Who benefits programs
Taxes in Norway can reduce certain categories of citizens. Since the country no longer prohibits foreigners from working in their own state, many communes introduced certain amendments, exempting certain categories of citizens from all or part of their taxes. They use the preferential tax system:
- Senior citizens.
- Foreigners.
- Residents of the northern regions of Nord-Troms and Finnmark.
- Persons whose spouse receives low income.
- Single parents.
- Parents of children under 12 years old.
- The sailors.
- Borrowers and payers of loans.
- Citizens leaving for a business trip for a long time (away from family).
- Youth under 22 years old.
There are many more benefits, but these are the most basic of them. Much depends on the place of work, its location, equipment and scope of the employee.
Example of calculating tax deductions
To better understand the tax system, we will analyze a specific example. Consider the income tax in Norway:
- The average monthly salary = 44 thousand kroons, 1 kroon - 7.64 rubles, which is about 330 000 rubles.

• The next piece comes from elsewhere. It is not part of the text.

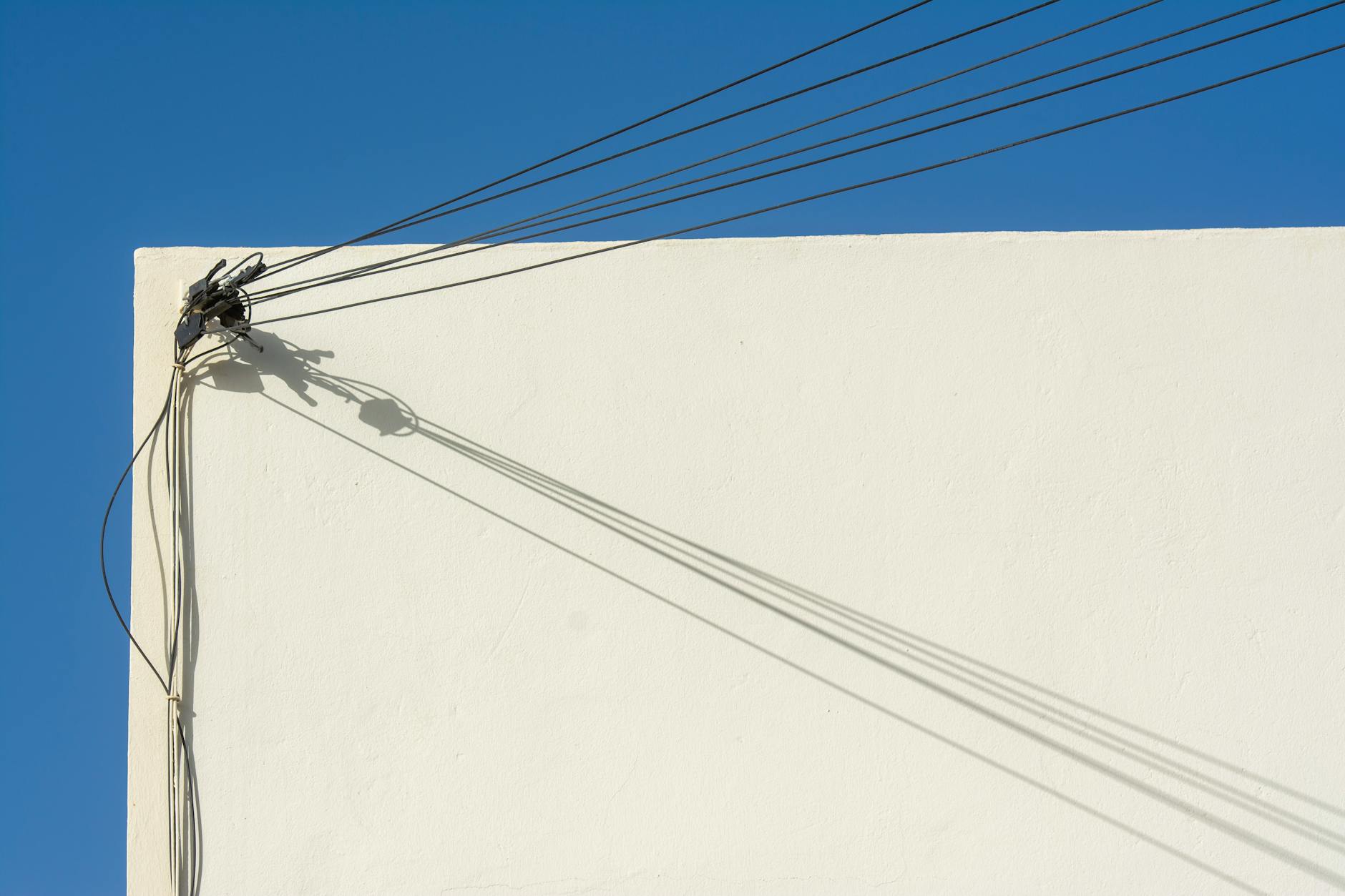 Cienie przewodów elektrycznych na białej ścianie na tle błękitnego nieba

- A tax-free minimum (36,000 kroons) is deducted from the annual amount, which is 6.8% (children and spouse are absent).
- National tax - 13.8%.
- Municipal tax - 27-28%.
- Social funds - 7.8%.
- The total tax is 47-49.5%.
- Salary after tax - 172,000 rubles.
The example shows that almost half of the income people give to the state. However, food prices are not very high for local residents. The average cost of food and housing is 120-140 thousand rubles (excluding cars and rental housing). And this increases the ability of the population to accumulate funds. In addition, do not forget that the average salary was taken for the calculation.
Tax refund
Are taxes returned in Norway? How many percent can be kept taking into account such rates? From January 1, an employee is issued an annual report card in the form of RF-1015B, which remains with him. Before the New Year it is returned so that the person becomes acquainted with the payments. Based on this, an income tax return form (Tax Return, Selvangivelse, Sølvmelding) is compiled. A citizen must fill out RF-1030 form and send it to the tax office.
It should be borne in mind that payments do not change during the year, so some benefits may not be valid. If so, then the report is submitted before the end of March with the introduction of adjustments. Moreover, for every 1000 kroons, 270 kroons of tax is written off.
Challenging a tax return
It is imperative to verify the data when filling out the reporting forms. If something changes during the year (a child is born, marriage or marriage), then additional data is added about this. If there were no changes, then formally the card code does not change with respect to the amendments made, and then in the absence of such a need, a person does not fill out any reports himself.
Income tax in Norway must be checked against accrued benefits. At the end of June, the first collection lists begin to arrive. Check the declaration before the end of the next reporting year (it coincides with the calendar). If there are violations, the citizen shall indicate in writing all claims. Typically, a return of income occurs within a period of up to three weeks from the moment of checking all declarations. If the grounds for contestation remain, then you need to prove the mistakes and submit a document for review, which will take about four months.